### Exercise instructions
Exactly the lines from the start of the data below through the line containing "Trà sữa YORA" must be returned, and no others.

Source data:

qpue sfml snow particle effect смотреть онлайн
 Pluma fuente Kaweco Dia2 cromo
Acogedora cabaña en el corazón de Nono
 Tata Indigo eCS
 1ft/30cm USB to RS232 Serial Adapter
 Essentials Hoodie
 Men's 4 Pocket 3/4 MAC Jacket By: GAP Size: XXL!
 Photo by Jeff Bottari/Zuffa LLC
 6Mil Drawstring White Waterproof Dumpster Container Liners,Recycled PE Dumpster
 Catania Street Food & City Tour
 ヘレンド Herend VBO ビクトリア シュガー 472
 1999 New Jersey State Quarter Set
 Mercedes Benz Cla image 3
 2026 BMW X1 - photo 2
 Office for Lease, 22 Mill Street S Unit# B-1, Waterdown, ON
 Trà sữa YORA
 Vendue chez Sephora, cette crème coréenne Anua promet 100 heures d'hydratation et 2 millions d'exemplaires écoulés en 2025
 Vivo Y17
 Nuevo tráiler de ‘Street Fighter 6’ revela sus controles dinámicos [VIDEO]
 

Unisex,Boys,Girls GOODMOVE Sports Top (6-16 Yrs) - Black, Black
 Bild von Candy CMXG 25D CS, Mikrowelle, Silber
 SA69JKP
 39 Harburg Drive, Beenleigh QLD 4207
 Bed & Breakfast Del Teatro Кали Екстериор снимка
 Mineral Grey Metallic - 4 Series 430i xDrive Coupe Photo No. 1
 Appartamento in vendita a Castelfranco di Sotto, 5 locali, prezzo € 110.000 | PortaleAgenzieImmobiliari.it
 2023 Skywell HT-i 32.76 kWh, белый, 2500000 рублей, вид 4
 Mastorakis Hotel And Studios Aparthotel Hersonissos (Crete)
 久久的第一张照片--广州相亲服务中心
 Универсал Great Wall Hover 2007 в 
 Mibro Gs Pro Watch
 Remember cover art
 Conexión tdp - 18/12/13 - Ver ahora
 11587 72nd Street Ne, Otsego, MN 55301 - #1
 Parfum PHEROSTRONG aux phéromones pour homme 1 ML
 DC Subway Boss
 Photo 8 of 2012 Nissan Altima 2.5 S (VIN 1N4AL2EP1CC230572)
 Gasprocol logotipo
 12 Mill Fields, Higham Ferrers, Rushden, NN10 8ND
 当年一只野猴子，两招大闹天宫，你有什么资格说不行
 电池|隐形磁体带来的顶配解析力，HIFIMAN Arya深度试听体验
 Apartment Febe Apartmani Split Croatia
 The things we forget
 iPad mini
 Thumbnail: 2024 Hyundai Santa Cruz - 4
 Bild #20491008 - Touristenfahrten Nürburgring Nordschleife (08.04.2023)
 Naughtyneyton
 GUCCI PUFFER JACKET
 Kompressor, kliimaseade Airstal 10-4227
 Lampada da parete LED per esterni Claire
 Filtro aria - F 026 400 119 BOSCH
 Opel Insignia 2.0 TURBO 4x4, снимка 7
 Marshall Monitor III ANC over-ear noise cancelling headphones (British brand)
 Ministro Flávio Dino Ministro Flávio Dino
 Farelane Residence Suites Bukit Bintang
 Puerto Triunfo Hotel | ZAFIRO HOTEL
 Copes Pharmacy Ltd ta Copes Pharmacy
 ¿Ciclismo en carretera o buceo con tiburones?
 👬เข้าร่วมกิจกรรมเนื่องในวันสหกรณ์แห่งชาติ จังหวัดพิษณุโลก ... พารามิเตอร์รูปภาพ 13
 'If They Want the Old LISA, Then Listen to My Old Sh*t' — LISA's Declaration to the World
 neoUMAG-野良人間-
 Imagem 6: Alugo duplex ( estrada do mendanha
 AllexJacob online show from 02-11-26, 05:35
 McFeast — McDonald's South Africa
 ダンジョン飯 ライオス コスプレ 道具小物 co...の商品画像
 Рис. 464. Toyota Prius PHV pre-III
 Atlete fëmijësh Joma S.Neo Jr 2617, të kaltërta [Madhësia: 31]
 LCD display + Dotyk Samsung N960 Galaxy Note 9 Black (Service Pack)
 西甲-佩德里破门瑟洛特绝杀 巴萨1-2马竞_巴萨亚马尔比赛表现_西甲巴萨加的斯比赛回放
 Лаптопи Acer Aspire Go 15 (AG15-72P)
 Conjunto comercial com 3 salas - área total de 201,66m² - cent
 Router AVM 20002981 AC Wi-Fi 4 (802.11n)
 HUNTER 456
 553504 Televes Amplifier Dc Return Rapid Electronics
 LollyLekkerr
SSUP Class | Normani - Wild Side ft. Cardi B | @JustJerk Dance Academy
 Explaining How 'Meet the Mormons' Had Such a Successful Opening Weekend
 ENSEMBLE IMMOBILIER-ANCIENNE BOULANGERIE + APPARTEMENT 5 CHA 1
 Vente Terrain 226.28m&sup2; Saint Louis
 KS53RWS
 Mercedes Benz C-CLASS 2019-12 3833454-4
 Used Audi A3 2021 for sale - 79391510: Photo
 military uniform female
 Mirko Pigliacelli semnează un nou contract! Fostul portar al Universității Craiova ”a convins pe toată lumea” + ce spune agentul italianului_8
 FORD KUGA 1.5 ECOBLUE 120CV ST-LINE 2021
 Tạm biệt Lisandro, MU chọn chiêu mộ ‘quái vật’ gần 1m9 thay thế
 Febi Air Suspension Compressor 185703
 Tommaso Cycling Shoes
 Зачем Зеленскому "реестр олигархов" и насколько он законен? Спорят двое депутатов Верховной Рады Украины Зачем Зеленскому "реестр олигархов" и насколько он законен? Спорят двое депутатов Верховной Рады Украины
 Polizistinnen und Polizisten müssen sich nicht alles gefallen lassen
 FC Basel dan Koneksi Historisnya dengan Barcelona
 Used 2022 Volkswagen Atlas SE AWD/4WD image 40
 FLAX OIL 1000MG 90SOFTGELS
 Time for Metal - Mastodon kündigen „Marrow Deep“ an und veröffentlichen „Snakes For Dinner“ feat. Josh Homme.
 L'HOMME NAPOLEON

### Output below
qpue sfml snow particle effect смотреть онлайн
 Pluma fuente Kaweco Dia2 cromo
Acogedora cabaña en el corazón de Nono
 Tata Indigo eCS
 1ft/30cm USB to RS232 Serial Adapter
 Essentials Hoodie
 Men's 4 Pocket 3/4 MAC Jacket By: GAP Size: XXL!
 Photo by Jeff Bottari/Zuffa LLC
 6Mil Drawstring White Waterproof Dumpster Container Liners,Recycled PE Dumpster
 Catania Street Food & City Tour
 ヘレンド Herend VBO ビクトリア シュガー 472
 1999 New Jersey State Quarter Set
 Mercedes Benz Cla image 3
 2026 BMW X1 - photo 2
 Office for Lease, 22 Mill Street S Unit# B-1, Waterdown, ON
 Trà sữa YORA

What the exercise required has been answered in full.